The Power Careers Program provides students with an introduction to the business of power plant operations and supports their completion of an associate degree relevant to the power industry. Upon graduation, top-performing students may be offered a full-time job opportunity with Progress Energy.
“Many students today believe the only avenue to success is a four-year college education, but skills gained from on-the-job training combined with higher education at a technical college can provide a great opportunity for a solid career for the right individuals,” Progress Energy Power Careers Coordinator Lee McCollum said. “Through the Power Careers Program, Progress Energy develops a student’s potential as a successful employee in an environment that is challenging and encourages students to become problem solvers.”
Tiller also received a $650 scholarship through the Power Careers Program for maintaining a 3.2 grade-point average and receiving good on-the-job evaluations.
“Northeastern Technical College is proud of students like Christian Tiller who recognize the success that can be gained by obtaining an associate degree in applied technology and learning craft skills that the job market increasingly demands,” said Ron Bartley, NETC president. “The Power Careers Program with Progress Energy is a great example of what can be achieved when employers use our college as a resource for training their workforce according to their needs.”
Tiller was nominated for the program while he was a senior at McBee High School.

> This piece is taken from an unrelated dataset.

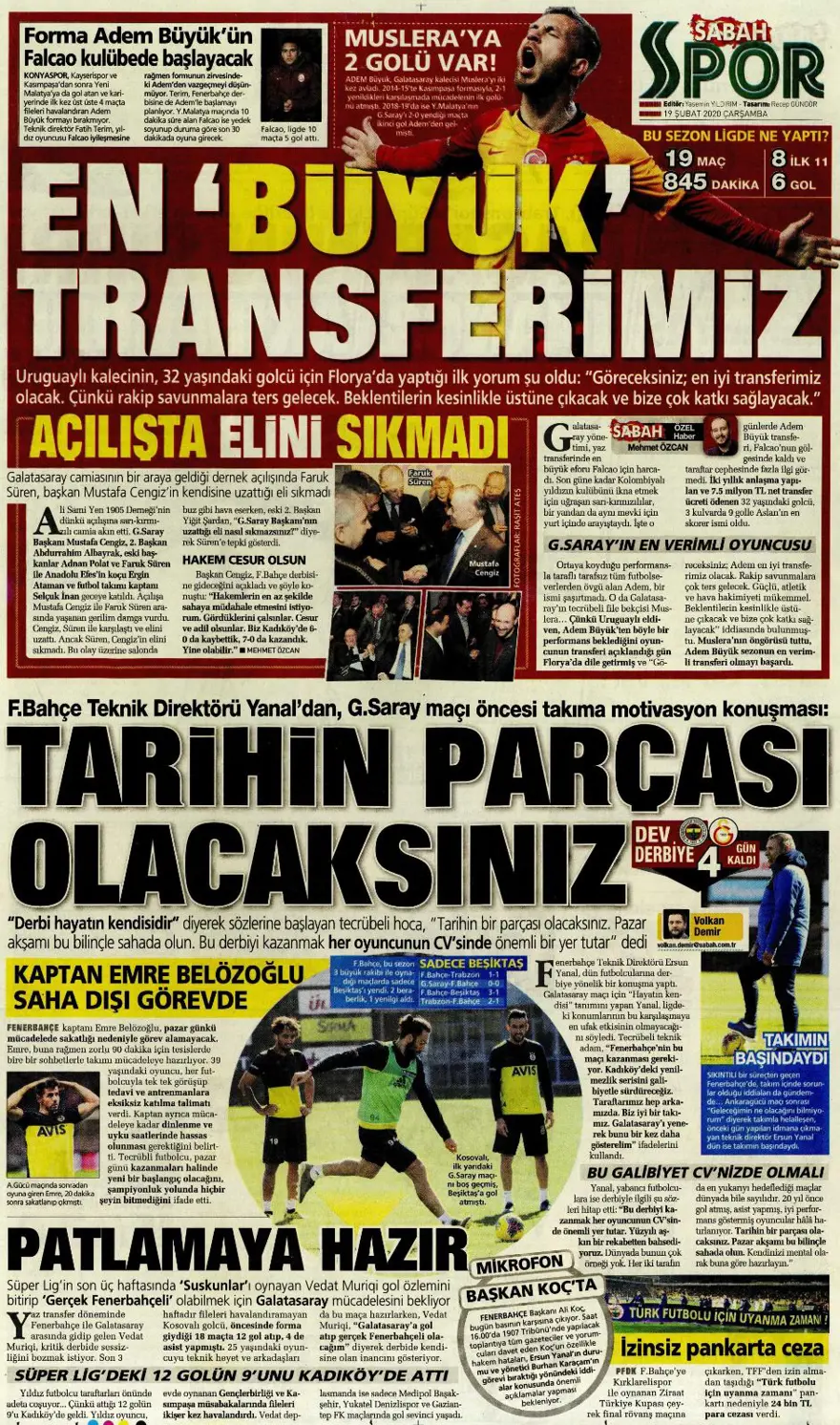 Günün spor gazeteleri (19 Şubat 2020) 7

Upon graduation, he began his internship at Progress Energy through the summer months.
Students in the Power Careers Program are paid for the work they do at Progress Energy. They can work up to 20 hours per week for 11 weeks during each semester and 40 hours per week during the summer. Students rotate through I&C, Mechanic and Operator positions every six months.
“Progress Energy provides a flexible work schedule that makes it easy to go to school and work too,” Tiller said. “I really enjoy working at Progress Energy while earning my degree because it allows me to see the curriculum that I am studying in the classroom being applied on the job.”
Students must be nominated for the program by a teacher, career development counselor or faculty member. Interested students who are nominated must complete a series of application forms and participate in a formal interview process.